## [WORK ITEM]
Pictures do not belong in the copy. Output exactly the lines from the one containing "Infiniti Q50 hybrid (2017)" to the end of the listing below.

## [SUPPLIED DATA]
▬▬▬

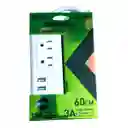 Multitoma Brickell 3 En 1 Polo/usb/tipo C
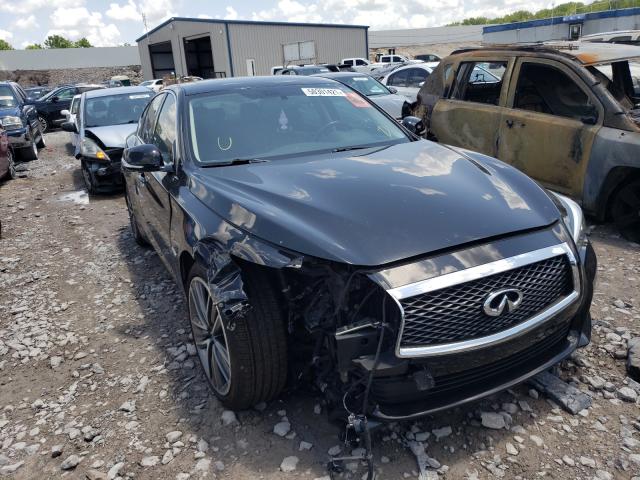 Infiniti Q50 hybrid (2017)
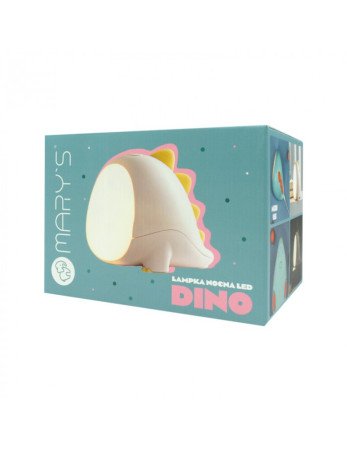 MARY'S MW20533 Dino LED naktinis šviestuvas rožinis
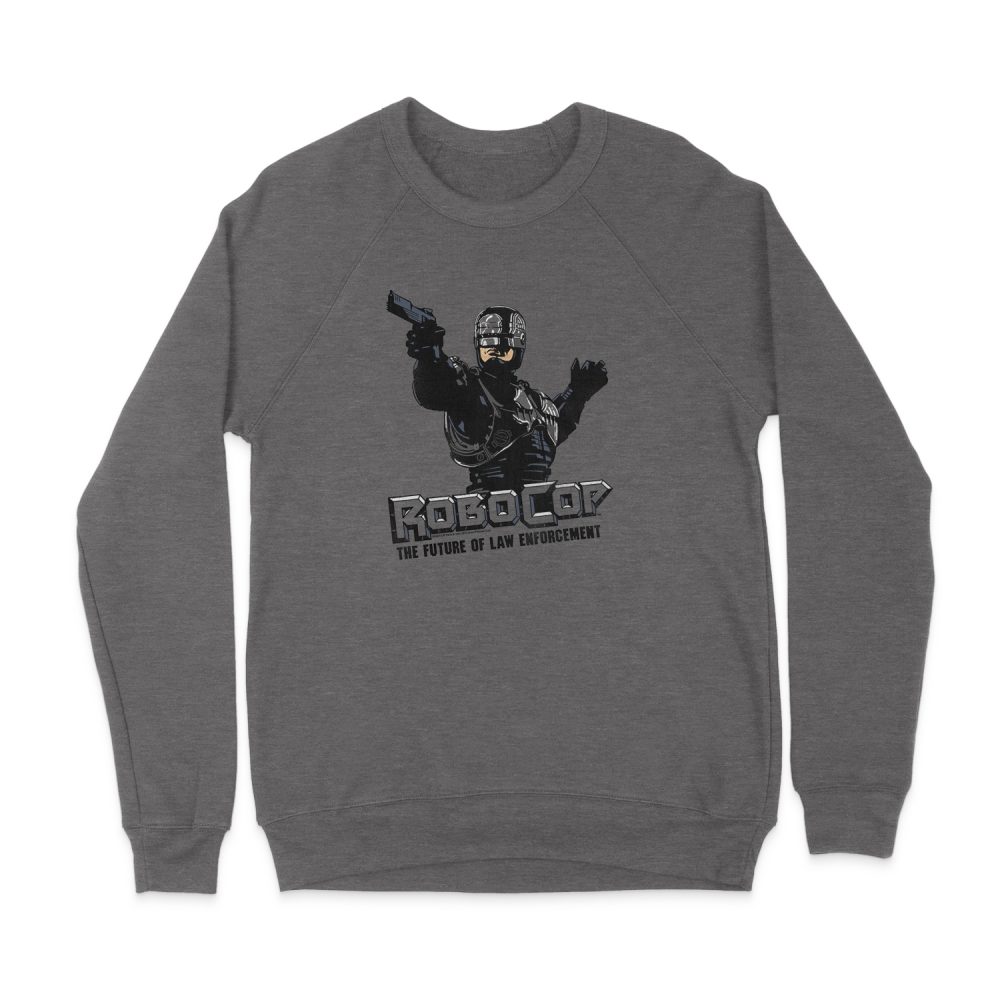 ROBOCOP FUTURE OF LAW SWEATSHIRT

▬▬▬

## [ANSWER SECTION]
 Infiniti Q50 hybrid (2017)
 MARY'S MW20533 Dino LED naktinis šviestuvas rožinis
 ROBOCOP FUTURE OF LAW SWEATSHIRT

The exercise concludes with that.